With a skills shortage currently plaguing the utilities sector, fostering new talent is more important than it’s ever been.
After recruiting from shrinking talent pools, SERT has acknowledged the desperate need to bolster the workforce, and an offering of gas, metering and electric new entrant schemes is our answer.
Inspiring the next generation
Our partnership with GFM facilitates local employment pathways toward Green Energy Careers and Skills Training, bridging the gap between young people leaving education and entering the working world.
Students will be taking part in taster sessions and learning more about the different ways homes are heated, while getting an overview of the skills needed to retrofit a home to make it more carbon neutral.

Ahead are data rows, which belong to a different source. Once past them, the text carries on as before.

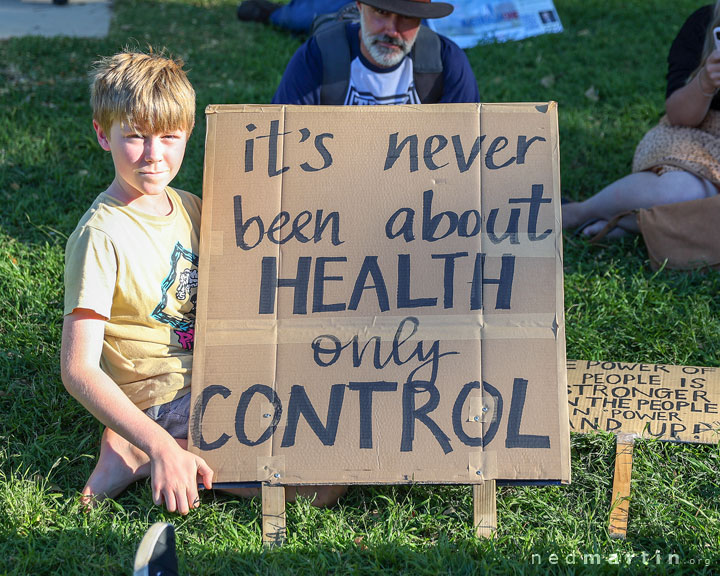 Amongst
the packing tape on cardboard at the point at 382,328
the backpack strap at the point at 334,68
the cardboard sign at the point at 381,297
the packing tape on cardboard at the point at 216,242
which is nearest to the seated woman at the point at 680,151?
the backpack strap at the point at 334,68

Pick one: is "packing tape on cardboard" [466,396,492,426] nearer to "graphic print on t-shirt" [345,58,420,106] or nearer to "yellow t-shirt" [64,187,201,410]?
"yellow t-shirt" [64,187,201,410]

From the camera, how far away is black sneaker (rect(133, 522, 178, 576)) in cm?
159

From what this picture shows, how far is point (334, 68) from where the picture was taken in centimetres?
321

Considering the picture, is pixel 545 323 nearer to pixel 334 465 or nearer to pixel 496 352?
pixel 496 352

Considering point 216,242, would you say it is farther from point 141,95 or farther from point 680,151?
point 680,151

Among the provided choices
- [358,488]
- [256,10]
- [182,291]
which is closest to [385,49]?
[182,291]

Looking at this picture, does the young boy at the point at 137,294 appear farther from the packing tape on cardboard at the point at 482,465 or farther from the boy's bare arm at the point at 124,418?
the packing tape on cardboard at the point at 482,465

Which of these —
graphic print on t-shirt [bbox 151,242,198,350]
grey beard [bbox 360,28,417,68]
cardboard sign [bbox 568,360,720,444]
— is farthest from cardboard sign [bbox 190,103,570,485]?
grey beard [bbox 360,28,417,68]

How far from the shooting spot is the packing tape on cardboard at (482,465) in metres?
2.03

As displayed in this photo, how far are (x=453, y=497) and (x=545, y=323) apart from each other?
584mm

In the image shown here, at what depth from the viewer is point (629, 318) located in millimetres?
3018

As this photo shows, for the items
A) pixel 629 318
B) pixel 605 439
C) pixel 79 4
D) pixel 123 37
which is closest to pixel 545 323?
pixel 605 439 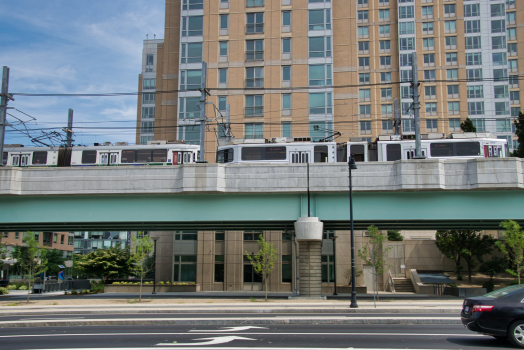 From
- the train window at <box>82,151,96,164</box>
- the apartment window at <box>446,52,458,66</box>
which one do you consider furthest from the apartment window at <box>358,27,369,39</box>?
the train window at <box>82,151,96,164</box>

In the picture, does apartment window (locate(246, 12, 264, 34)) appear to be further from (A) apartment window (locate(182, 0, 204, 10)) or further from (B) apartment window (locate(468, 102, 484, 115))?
(B) apartment window (locate(468, 102, 484, 115))

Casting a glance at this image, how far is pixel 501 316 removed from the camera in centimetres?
1109

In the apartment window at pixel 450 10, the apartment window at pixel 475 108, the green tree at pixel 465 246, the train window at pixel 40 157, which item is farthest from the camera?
the apartment window at pixel 450 10

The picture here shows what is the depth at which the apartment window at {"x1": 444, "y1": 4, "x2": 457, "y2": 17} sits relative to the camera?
79125 millimetres

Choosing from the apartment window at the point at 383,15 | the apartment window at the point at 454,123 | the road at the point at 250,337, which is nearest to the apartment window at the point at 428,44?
the apartment window at the point at 383,15

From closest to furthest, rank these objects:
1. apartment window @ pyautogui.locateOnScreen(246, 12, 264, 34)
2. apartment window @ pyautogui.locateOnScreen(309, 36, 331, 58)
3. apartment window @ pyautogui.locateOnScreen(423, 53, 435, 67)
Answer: apartment window @ pyautogui.locateOnScreen(309, 36, 331, 58) < apartment window @ pyautogui.locateOnScreen(246, 12, 264, 34) < apartment window @ pyautogui.locateOnScreen(423, 53, 435, 67)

As we move into a greener working economy, it is vital that we revise how the next wave of engineers and installers operate.

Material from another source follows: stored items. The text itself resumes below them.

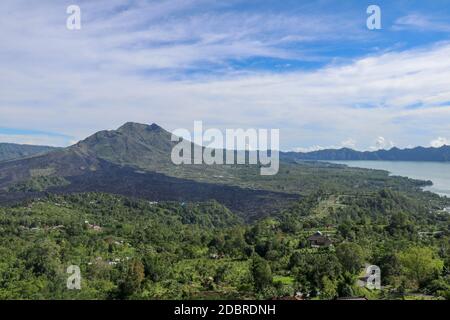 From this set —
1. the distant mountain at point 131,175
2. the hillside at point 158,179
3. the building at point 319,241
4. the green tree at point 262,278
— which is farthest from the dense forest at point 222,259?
the distant mountain at point 131,175

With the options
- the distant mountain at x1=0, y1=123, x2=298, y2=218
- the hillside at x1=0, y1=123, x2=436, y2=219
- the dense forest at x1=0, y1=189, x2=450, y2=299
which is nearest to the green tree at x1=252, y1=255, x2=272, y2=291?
the dense forest at x1=0, y1=189, x2=450, y2=299

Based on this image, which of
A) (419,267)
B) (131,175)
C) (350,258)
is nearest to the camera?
(419,267)

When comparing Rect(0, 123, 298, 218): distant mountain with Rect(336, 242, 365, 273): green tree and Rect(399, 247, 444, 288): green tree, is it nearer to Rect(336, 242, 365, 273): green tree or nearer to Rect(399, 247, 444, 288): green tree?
Rect(336, 242, 365, 273): green tree

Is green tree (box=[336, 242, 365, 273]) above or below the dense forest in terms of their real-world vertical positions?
above

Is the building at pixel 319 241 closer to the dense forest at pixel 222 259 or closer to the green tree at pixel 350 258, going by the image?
the dense forest at pixel 222 259

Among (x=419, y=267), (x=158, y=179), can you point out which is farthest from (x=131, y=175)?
(x=419, y=267)

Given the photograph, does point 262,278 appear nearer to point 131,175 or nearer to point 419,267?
point 419,267

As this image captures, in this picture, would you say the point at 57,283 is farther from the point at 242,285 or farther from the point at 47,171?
the point at 47,171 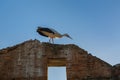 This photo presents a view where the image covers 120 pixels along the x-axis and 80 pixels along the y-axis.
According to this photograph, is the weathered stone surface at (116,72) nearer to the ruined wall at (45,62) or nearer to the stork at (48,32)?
the ruined wall at (45,62)

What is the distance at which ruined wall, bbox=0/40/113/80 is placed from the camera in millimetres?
12016

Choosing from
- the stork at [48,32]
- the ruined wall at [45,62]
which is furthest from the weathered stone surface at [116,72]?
the stork at [48,32]

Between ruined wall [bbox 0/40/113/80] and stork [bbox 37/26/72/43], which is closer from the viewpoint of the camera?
ruined wall [bbox 0/40/113/80]

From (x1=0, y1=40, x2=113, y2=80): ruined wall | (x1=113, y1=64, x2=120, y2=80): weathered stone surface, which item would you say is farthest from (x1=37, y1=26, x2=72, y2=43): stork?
(x1=113, y1=64, x2=120, y2=80): weathered stone surface

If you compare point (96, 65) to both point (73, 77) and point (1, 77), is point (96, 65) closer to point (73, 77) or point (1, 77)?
point (73, 77)

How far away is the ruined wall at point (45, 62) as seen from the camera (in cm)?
1202

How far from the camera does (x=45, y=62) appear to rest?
12.2 metres

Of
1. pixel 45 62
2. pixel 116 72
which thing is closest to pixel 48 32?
pixel 45 62

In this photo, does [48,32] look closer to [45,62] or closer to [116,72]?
[45,62]

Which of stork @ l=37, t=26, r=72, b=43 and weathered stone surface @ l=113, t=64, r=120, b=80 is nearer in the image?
weathered stone surface @ l=113, t=64, r=120, b=80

That means we, as educators, need to keep a finger on the pulse of modern renewables and green practices, to guarantee our offer to new entrants will stay relevant as the economy continues to change.
In 2023, the number of job roles in the UK requiring green skills far outweighs the number of workers qualified to fill them, with only 1 in 8 workers possessing green skills. There are currently fewer than 3,000 low-carbon roles filled.
This is fairly damning news when we consider that the government’s goal of 600,000 annual heat pump installations is off target by a margin of 200%, and that an additional 150,000 air source heat pump installers are necessary to counter this.50% of gas engineers are reportedly over the age of 55, so it’s not surprising that the phasing-out of conventional gas utilities is taking longer than it ought to.
Many seasoned gas engineers may view sustainable installation solely as a problem for the next generation of engineers, feeling a reluctance to spend money on upskills.
While we can give our seasoned engineers incentive to upskill, we need to funnel new workers through the pipeline, helping them keep pace with the evolving expectations of the industry.